━━━━━ The data ━━━━━
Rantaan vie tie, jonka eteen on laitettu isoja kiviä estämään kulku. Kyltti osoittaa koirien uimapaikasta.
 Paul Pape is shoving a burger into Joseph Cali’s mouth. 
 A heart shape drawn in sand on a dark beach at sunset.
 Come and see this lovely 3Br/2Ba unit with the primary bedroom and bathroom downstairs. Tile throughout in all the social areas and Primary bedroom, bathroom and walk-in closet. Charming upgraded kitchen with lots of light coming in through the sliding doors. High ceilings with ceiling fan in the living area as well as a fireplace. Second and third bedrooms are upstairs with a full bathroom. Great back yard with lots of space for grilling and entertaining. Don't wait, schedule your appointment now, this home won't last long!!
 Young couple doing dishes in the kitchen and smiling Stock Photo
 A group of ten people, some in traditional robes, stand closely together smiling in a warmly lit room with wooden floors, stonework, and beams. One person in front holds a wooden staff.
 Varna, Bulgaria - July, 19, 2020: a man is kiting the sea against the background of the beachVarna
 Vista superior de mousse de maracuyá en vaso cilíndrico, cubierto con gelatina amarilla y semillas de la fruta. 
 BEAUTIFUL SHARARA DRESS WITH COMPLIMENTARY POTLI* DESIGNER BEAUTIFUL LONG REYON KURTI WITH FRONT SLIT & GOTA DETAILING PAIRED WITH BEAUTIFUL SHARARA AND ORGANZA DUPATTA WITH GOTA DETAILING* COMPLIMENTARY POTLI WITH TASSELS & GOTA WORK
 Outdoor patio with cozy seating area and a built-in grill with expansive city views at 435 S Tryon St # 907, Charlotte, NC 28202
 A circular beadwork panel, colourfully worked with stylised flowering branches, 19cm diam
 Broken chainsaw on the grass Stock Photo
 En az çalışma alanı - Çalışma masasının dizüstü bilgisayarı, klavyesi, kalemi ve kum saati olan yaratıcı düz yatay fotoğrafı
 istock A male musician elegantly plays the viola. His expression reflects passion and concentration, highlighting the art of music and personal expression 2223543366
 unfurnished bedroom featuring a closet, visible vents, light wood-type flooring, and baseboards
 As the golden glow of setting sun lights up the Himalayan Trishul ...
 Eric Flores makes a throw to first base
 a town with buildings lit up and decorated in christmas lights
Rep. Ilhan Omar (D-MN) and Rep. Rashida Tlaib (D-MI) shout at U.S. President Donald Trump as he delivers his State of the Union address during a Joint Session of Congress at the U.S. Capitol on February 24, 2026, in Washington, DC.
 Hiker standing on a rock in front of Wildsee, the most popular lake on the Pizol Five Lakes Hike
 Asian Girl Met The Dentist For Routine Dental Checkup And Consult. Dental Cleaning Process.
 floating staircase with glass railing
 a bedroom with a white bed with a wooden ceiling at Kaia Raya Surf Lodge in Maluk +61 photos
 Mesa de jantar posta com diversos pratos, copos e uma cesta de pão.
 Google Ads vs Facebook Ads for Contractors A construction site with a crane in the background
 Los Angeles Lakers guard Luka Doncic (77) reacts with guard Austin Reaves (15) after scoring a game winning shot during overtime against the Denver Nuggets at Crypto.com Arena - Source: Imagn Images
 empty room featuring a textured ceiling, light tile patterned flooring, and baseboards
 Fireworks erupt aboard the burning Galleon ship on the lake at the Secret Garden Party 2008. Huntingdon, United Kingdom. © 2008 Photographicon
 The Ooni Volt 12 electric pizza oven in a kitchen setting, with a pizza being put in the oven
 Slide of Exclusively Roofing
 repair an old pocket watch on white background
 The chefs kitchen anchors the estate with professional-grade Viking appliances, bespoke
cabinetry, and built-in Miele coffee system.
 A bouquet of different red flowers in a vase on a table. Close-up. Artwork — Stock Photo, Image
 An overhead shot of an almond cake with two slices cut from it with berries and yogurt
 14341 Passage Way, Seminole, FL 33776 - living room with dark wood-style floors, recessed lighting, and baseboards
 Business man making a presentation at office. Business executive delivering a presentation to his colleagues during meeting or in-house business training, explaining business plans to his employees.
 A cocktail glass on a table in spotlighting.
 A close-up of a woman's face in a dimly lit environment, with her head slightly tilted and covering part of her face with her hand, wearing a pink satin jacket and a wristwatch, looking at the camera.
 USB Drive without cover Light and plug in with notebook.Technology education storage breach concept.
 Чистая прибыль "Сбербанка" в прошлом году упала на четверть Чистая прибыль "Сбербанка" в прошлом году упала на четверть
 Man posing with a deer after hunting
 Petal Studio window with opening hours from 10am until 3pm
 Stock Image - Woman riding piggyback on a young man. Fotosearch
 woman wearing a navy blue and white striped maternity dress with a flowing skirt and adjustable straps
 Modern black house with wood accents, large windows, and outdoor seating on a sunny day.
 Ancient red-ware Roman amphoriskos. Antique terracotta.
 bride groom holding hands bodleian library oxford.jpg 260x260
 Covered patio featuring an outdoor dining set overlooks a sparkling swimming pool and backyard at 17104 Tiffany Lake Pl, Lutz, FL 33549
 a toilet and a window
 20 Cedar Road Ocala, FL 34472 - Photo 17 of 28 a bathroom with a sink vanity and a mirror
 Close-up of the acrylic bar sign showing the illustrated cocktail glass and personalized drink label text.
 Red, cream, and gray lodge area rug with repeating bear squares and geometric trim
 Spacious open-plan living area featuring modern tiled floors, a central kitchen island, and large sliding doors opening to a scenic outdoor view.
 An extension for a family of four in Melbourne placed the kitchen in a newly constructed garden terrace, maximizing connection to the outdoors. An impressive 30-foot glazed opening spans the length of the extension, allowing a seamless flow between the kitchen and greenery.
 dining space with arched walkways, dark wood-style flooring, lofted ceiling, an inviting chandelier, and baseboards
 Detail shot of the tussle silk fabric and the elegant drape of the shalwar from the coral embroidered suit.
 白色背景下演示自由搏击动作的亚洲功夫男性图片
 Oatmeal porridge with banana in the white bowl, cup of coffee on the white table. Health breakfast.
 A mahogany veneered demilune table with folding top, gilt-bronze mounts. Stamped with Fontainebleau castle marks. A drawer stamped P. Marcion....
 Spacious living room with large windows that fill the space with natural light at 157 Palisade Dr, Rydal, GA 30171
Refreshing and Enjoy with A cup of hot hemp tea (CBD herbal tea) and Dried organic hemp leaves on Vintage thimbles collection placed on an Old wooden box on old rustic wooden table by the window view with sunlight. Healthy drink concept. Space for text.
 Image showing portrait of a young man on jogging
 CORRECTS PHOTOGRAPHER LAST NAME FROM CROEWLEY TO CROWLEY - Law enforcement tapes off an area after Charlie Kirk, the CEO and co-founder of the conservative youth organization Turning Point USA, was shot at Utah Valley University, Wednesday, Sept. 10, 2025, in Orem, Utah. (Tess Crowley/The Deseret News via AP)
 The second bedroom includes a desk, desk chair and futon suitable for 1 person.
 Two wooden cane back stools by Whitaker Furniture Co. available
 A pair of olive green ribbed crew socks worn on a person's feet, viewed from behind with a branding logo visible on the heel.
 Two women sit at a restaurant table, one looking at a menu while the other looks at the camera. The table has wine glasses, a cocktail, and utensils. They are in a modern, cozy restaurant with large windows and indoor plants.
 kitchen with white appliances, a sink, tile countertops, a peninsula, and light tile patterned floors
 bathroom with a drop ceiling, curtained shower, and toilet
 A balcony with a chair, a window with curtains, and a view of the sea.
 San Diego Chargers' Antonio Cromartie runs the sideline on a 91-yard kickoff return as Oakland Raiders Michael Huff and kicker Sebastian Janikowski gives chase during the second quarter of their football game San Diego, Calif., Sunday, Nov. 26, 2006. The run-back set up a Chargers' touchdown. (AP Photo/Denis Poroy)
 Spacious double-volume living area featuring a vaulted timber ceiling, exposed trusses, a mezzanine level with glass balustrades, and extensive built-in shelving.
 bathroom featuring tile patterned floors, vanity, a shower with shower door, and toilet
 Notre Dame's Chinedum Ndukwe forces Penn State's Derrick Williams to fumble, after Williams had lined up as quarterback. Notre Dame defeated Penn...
━━━━━
Each line of the data that includes "visible" counts once; say how many there are, giving nothing but the number.

▶ Written response: 2